(What you are asked to do) Your answer is the line containing "this 1273×952 image." plus every line after it to the end of the data below, transcribed exactly and with nothing else.
===== Records shown =====
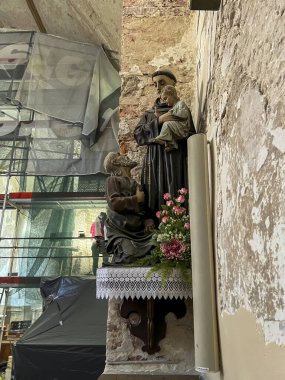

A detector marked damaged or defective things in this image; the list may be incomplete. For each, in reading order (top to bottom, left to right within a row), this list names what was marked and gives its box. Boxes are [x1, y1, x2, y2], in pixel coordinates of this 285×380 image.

peeling plaster wall [118, 0, 196, 179]
peeling plaster wall [195, 0, 284, 380]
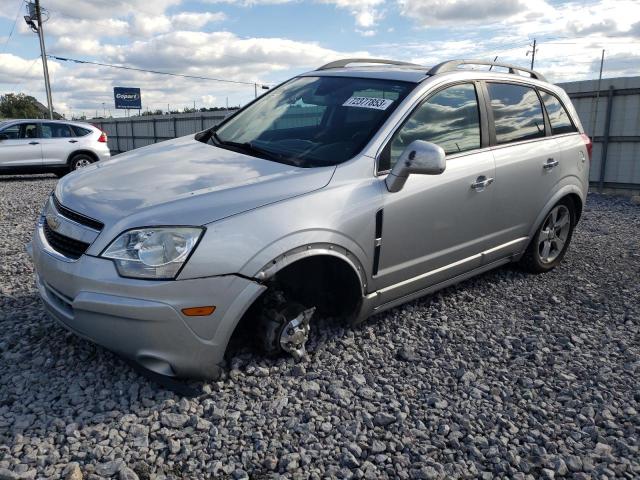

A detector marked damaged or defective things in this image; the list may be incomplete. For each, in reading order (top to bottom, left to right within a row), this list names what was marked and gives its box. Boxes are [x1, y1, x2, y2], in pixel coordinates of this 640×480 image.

damaged suv [28, 58, 592, 376]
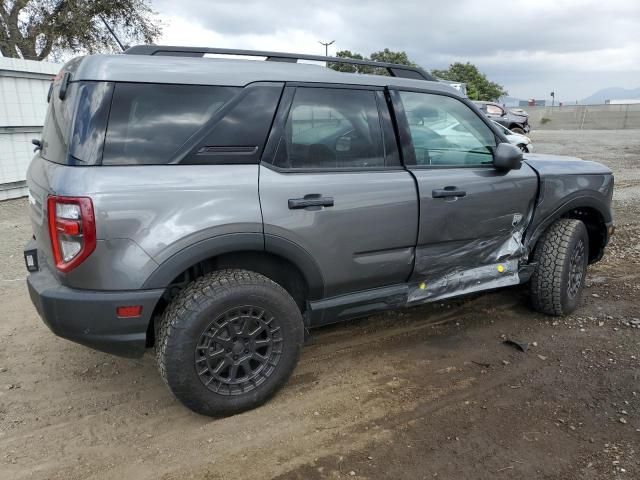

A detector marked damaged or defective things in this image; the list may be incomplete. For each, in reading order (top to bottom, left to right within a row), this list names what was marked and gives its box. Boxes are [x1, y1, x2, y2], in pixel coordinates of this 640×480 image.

damaged rear door [390, 88, 540, 302]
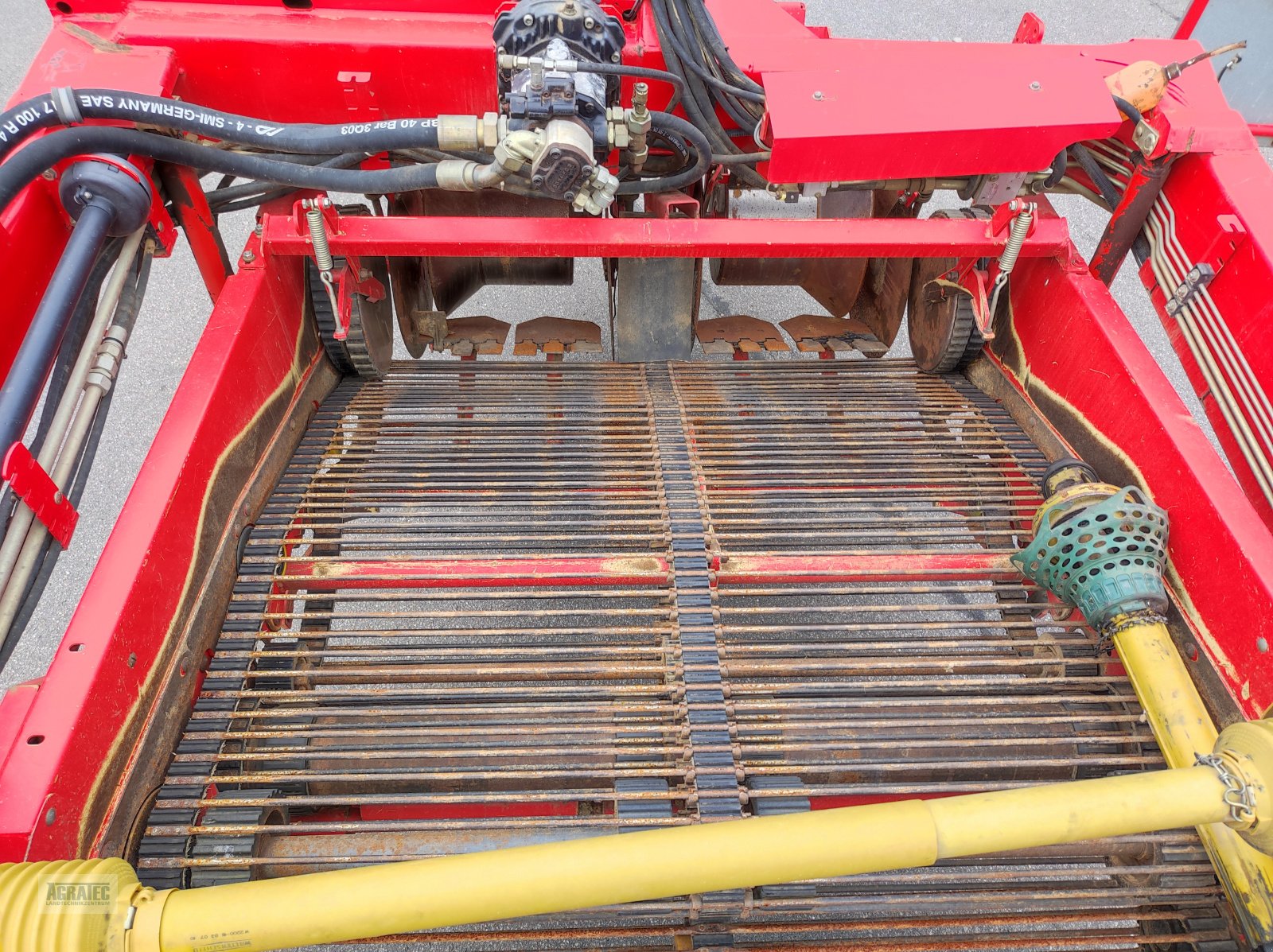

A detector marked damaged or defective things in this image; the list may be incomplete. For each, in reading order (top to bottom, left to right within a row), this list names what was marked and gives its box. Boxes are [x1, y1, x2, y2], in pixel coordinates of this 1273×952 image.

rusty metal surface [137, 361, 1232, 946]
=====
(Solution for this problem)
A detector marked damaged or defective things in this image; the list may be incomplete. For each, in reading order (top to bottom, left to right within a row), this list names what was marked and gives its box. Boxes are [x1, y1, x2, y2], in pixel coordinates of this 1273×952 image.

rusty metal surface [137, 361, 1232, 946]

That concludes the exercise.